[[ Data to process open ]]

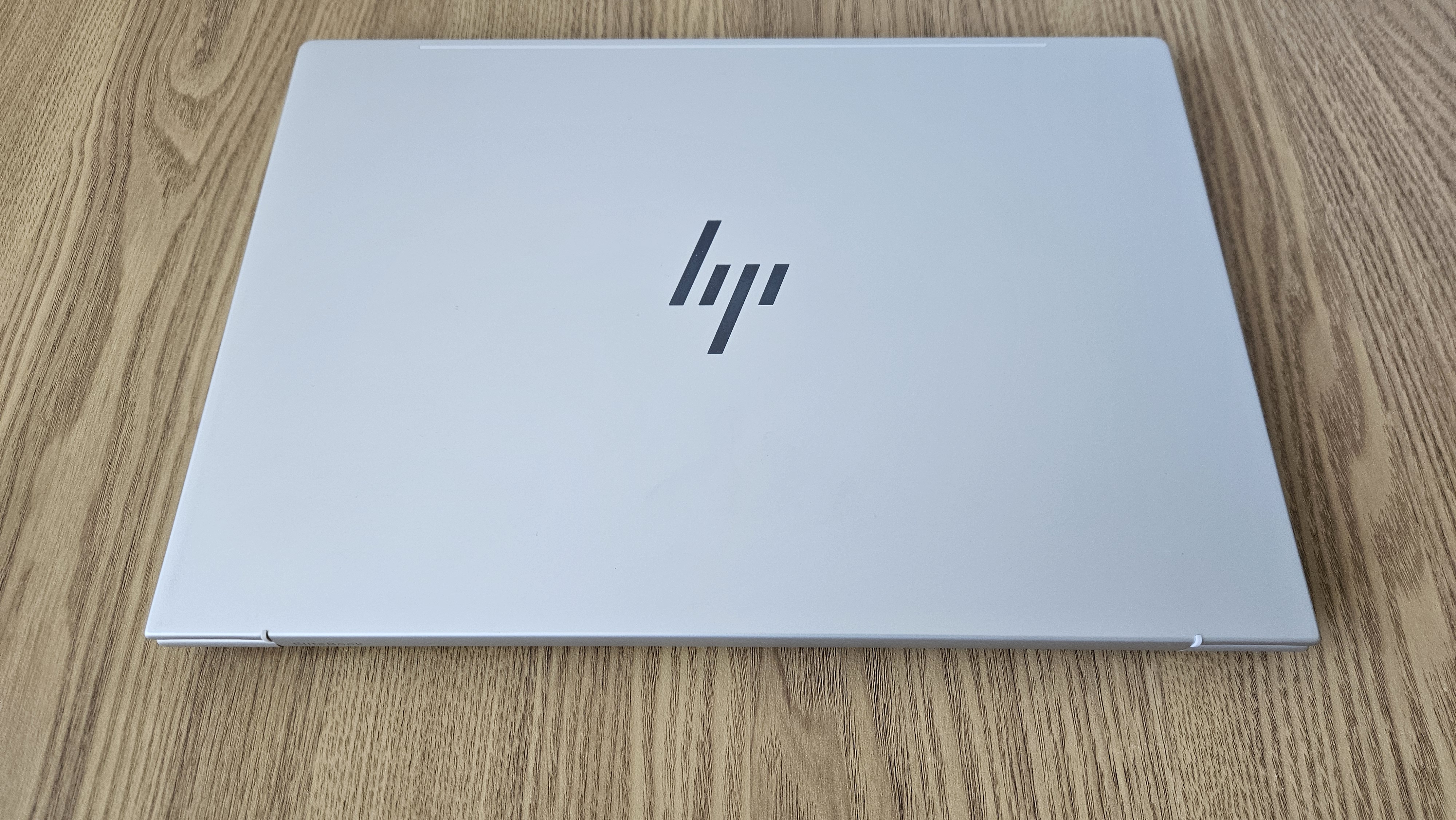 The HP EliteBook 8 G1a 16 on a desk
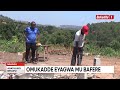 agataliikonfuufu omukadde eyaggwa mu bafere anyumya engeri gyebaamuwa ssente ate ne bazimubbako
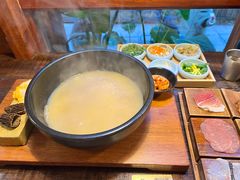 -银米·云南传统过桥米线(双廊黑金冠店)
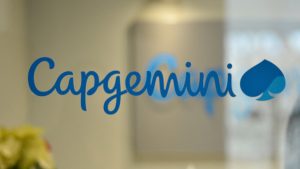 Capgemini инвестирует €700 млн в ИИ-реструктуризацию: итоги 2025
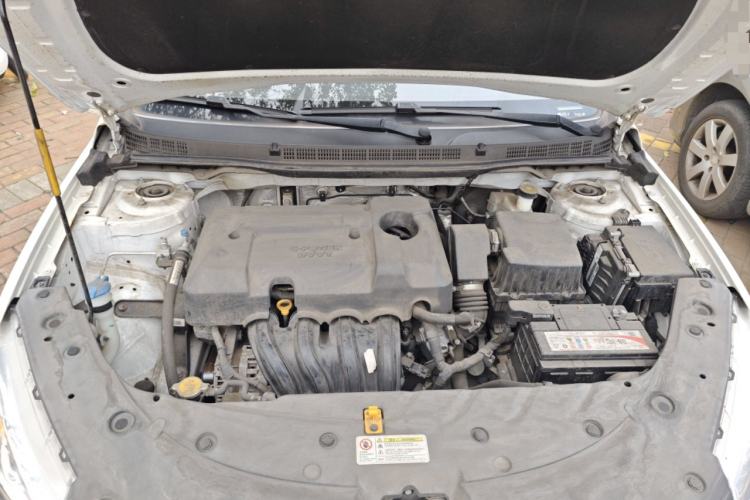 Used Geely Auto Vision 2019 Upgraded Model 1.5L Manual Luxury Version China VI Standard Engine Bay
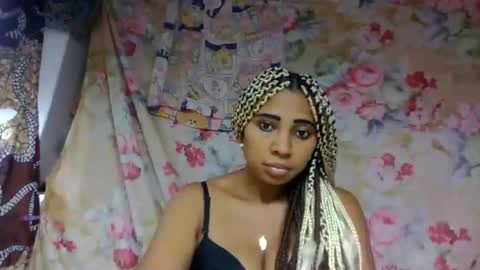 leatianaa online show from 05/25/26, 12:27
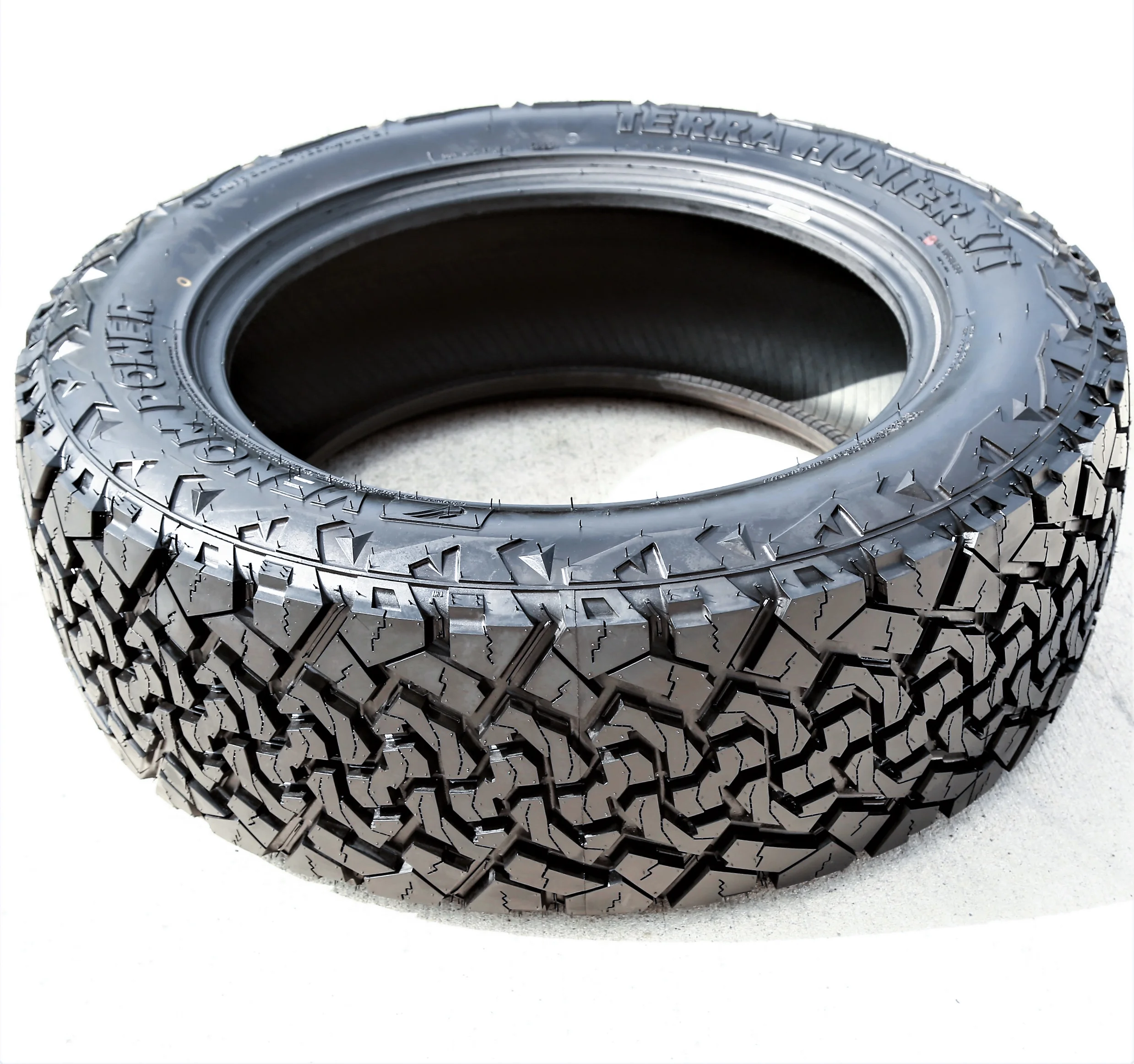 Venom Power Terra Hunter X/T 265/60R18 114T XL Extreme Terrain Tire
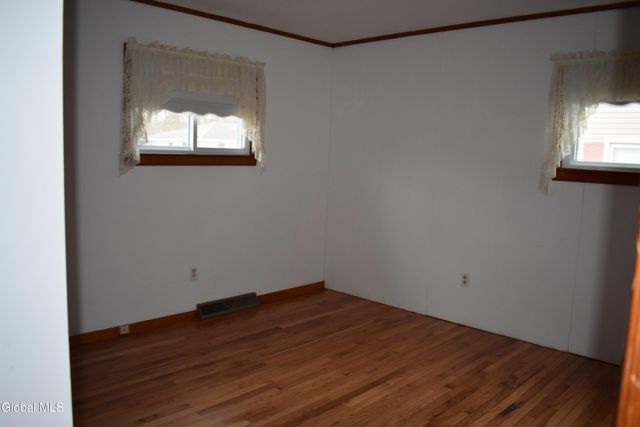 14 Seward Street, Queensbury, NY 12804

[[ Data to process closed ]]

### Work request:
Copy out the records exactly. Do not include the pictures.

### Task response:
 The HP EliteBook 8 G1a 16 on a desk
 agataliikonfuufu omukadde eyaggwa mu bafere anyumya engeri gyebaamuwa ssente ate ne bazimubbako
 -银米·云南传统过桥米线(双廊黑金冠店)
 Capgemini инвестирует €700 млн в ИИ-реструктуризацию: итоги 2025
 Used Geely Auto Vision 2019 Upgraded Model 1.5L Manual Luxury Version China VI Standard Engine Bay
 leatianaa online show from 05/25/26, 12:27
 Venom Power Terra Hunter X/T 265/60R18 114T XL Extreme Terrain Tire
 14 Seward Street, Queensbury, NY 12804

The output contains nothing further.